Thanks for your reply about how the inference time of ~43ms is calculated.
Unfortunately I disagree with what CIX has done here by only timing the noe_job_infer_sync()
call in the NOE_Engine code. This is misleading as it does not represent inference time used in Computer Vision so the FPS values calculated do not reflect real world usage.
A true FPS value is timed from the image/data being loaded into memory, such as loading an image from disk, or capturing a frame from a camera. Then passing that data to the NPU for inference and including post processing of the Model and rendering of detected objects on the image ready for output to the user.
However let me put that complaint to the side, as there is big problem with the example python code which is made obvious by comparing to the RK3588.
I have modified the NOE Engine forward()
method to output fine grain execution timing here.
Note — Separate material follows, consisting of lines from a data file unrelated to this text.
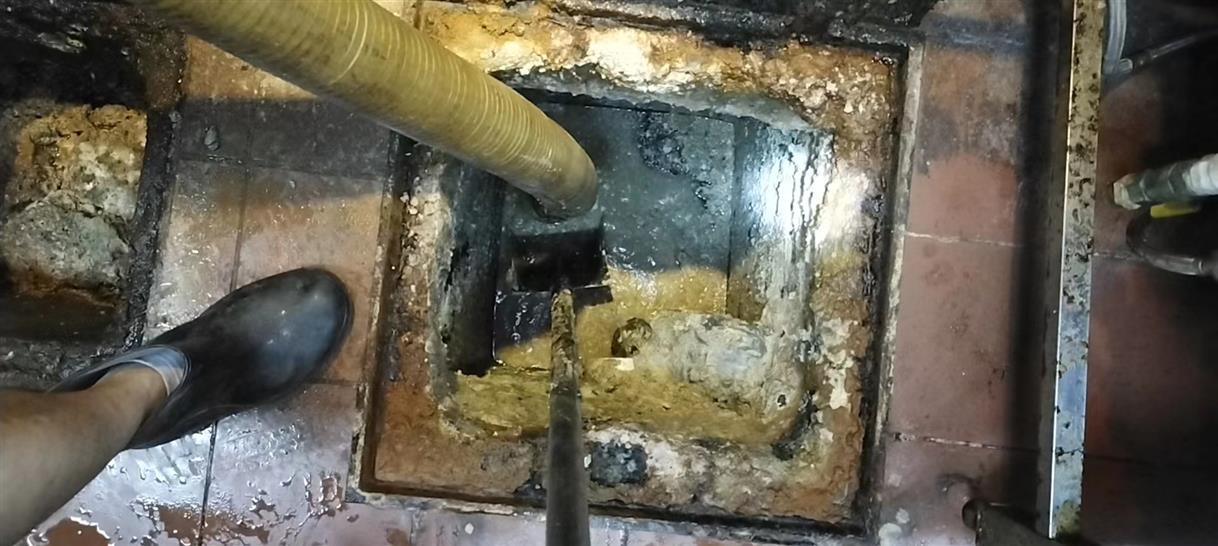 阿合奇污水池清理一般都有毒气，怎么预防中毒呢？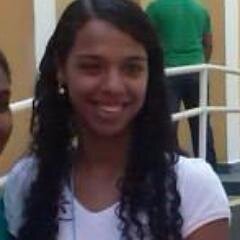 #Sou surda e de fala . Tenho 18 anos , moro em São João de Meriti . Gosto de conversar com surdos e ouvintes também .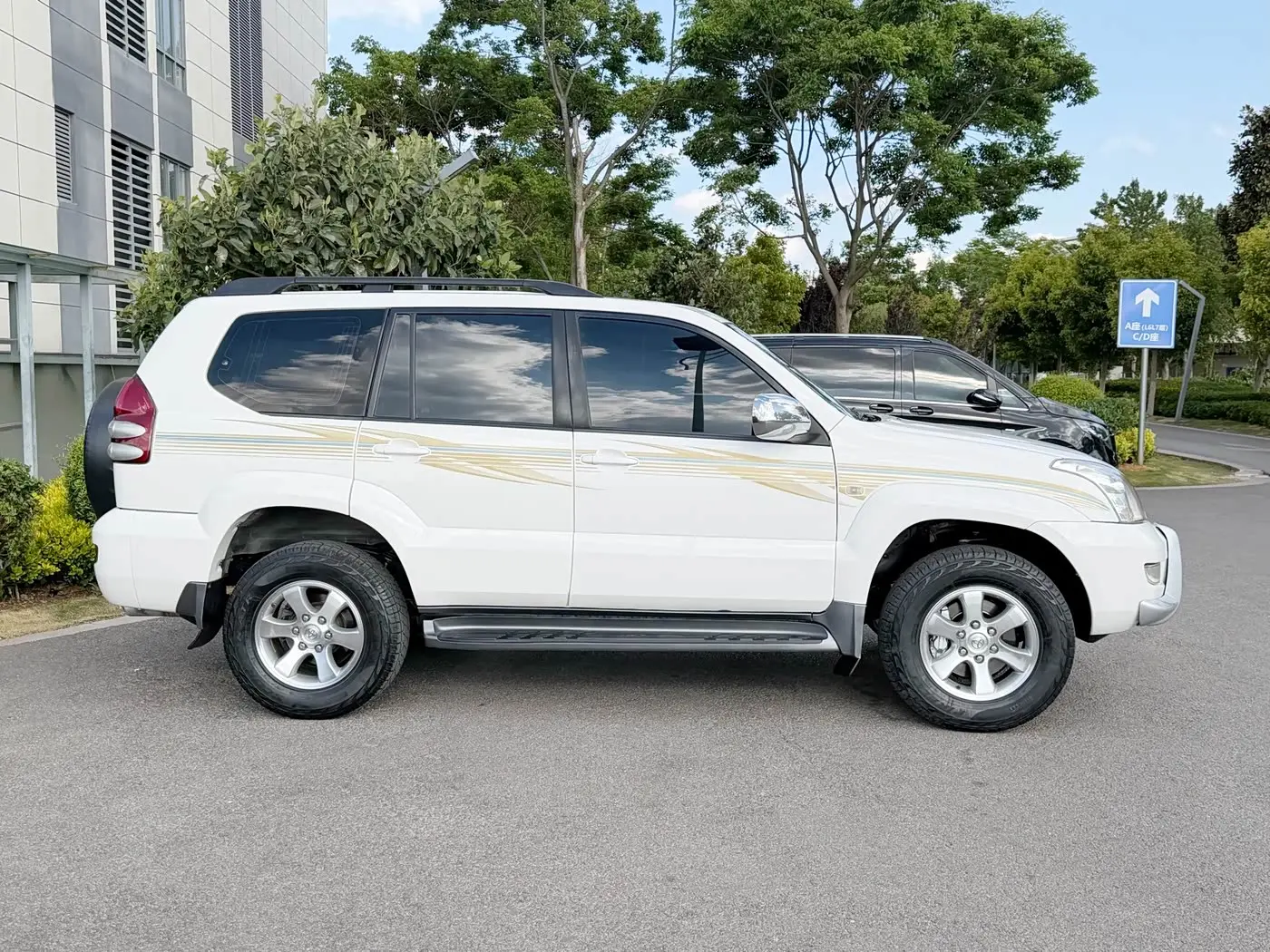 Toyota Prado 2009 — Şəkil 14/17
This results in output timings as follows;
Tensor retrieval time for tensor 0: 22.00 ms
Size of data retrieved for tensor 0: 705600 bytes
Data conversion time for tensor 0: 19.34 ms
Normalization time for tensor 0: 0.73 ms
Data preparation time: 17.59 ms
NPU inference time: 43.17 ms
Data retrieval time: 42.18 ms
Total time: 102.94 ms
Here we can see the NPU inference time
time of 43.17 ms
which is the benchmark time CIX claims. The Total time
of 102.94 ms
is my timing, which is what a realistic inference time represents.
Now this is were the problem is, why is it taking 22 ms
for noe_get_tensor()
to retrieve a tensor of 705k bytes in size? Similarly it takes 17.59 ms
to load the input tensors with noe_load_tensor()
. This is so slow, I can’t understand how this has not been noticed?
Taking the same yolov8_l model from the ONNX source, I compile it to RKNN format to run on RK3588. I added the same timing sections to the code and we get results of;
Set inputs time= 389.367µs
Run model time= 144.061837ms
Get Outputs time= 2.722946ms
The following table compares these execution timings;
Timing |
Orion O6 |
RK3588 |
Setting input tensors |
17.59 ms |
389.367µs |
Inference pass on NPU |
43.17 ms |
144 ms |
Retrieving output tensors |
42.18 ms |
2.72 ms |
The table makes it obvious that the Orion NPU is much faster than the RK3588 on the inference pass, however there is some major slowness with tensor input and output processing on the Orion code.
Is this just due to Python or the NOE library? Does CIX have a C/C++ example that performs differently?